H2OWorld - Building Machine Learning Applications with Sparkling Water

Requirements

Provided on USB

Machine Learning Workflow

Goal: For a given text message, identify if it is spam or not.

  1. Extract data
  2. Transform & tokenize messages
  3. Build Spark's Tf-IDF model and expand messages to feature vectors
  4. Create and evaluate H2O's Deep Learning model
  5. Use the models to detect spam messages

Prepare environment

  1. Run Sparkling shell with an embedded Spark cluster:

    cd "path/to/sparkling/water"
    export SPARK_HOME="/path/to/spark/installation"
    export MASTER="local-cluster[3,2,4096]"
    bin/sparkling-shell --conf spark.executor.memory=2G
    

    Note: To avoid flooding output with Spark INFO messages, I recommend editing your $SPARK_HOME/conf/log4j.properties and configuring the log level to WARN.

  2. Open Spark UI: Go to http://localhost:4040/ to see the Spark status.

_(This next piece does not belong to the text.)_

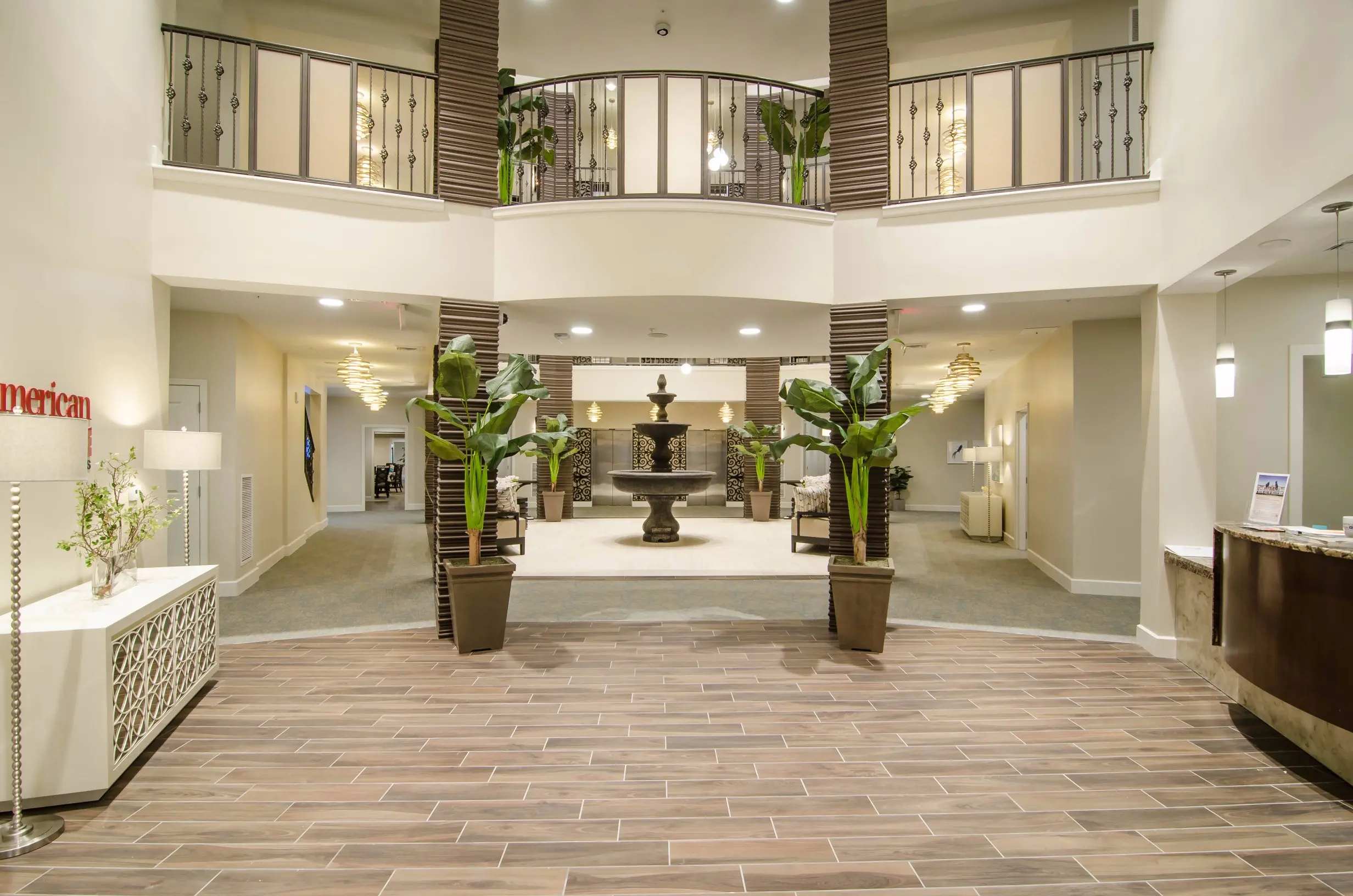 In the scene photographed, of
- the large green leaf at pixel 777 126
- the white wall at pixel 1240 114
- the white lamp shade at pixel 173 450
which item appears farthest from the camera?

  3. Prepare the environment:

    // Input data
    val DATAFILE="../data/smsData.txt"
    // Common imports from H2O and Sparks
    import _root_.hex.deeplearning.{DeepLearningModel, DeepLearning}
    import _root_.hex.deeplearning.DeepLearningParameters
    import org.apache.spark.examples.h2o.DemoUtils._
    import org.apache.spark.h2o._
    import org.apache.spark.mllib
    import org.apache.spark.mllib.feature.{IDFModel, IDF, HashingTF}
    import org.apache.spark.rdd.RDD
    import water.Key
    
  4. Define the representation of the training message:

    // Representation of a training message
    case class SMS(target: String, fv: mllib.linalg.Vector)
    
  5. Define the data loader and parser:

    def load(dataFile: String): RDD[Array[String]] = {
     // Load file into memory, split on TABs and filter all empty lines
     sc.textFile(dataFile).map(l => l.split("\t")).filter(r => !r(0).isEmpty)
    }
    
  6. Define the input messages tokenizer:

    // Tokenizer
    // For each sentence in input RDD it provides array of string representing individual interesting words in the sentence
    def tokenize(dataRDD: RDD[String]): RDD[Seq[String]] = {
     // Ignore all useless words
     val ignoredWords = Seq("the", "a", "", "in", "on", "at", "as", "not", "for")
     // Ignore all useless characters
     val ignoredChars = Seq(',', ':', ';', '/', '<', '>', '"', '.', '(', ')', '?', '-', '\'','!','0', '1')
    
     // Invoke RDD API and transform input data
     val textsRDD = dataRDD.map( r => {
       // Get rid of all useless characters
       var smsText = r.toLowerCase
       for( c <- ignoredChars) {
         smsText = smsText.replace(c, ' ')
       }
       // Remove empty and uninteresting words
       val words = smsText.split(" ").filter(w => !ignoredWords.contains(w) && w.length>2).distinct
    
       words.toSeq
     })
     textsRDD
    }
    
  7. Configure Spark's Tf-IDF model builder:

    def buildIDFModel(tokensRDD: RDD[Seq[String]],
                     minDocFreq:Int = 4,
                     hashSpaceSize:Int = 1 << 10): (HashingTF, IDFModel, RDD[mllib.linalg.Vector]) = {
     // Hash strings into the given space
     val hashingTF = new HashingTF(hashSpaceSize)
     val tf = hashingTF.transform(tokensRDD)
    
     // Build term frequency-inverse document frequency model
     val idfModel = new IDF(minDocFreq = minDocFreq).fit(tf)
     val expandedTextRDD = idfModel.transform(tf)
     (hashingTF, idfModel, expandedTextRDD)
    }
    

    Wikipedia defines TF-IDF as: "tf–idf, short for term frequency–inverse document frequency, is a numerical statistic that is intended to reflect how important a word is to a document in a collection or corpus. It is often used as a weighting factor in information retrieval and text mining. The tf-idf value increases proportionally to the number of times a word appears in the document, but is offset by the frequency of the word in the corpus, which helps to adjust for the fact that some words appear more frequently in general."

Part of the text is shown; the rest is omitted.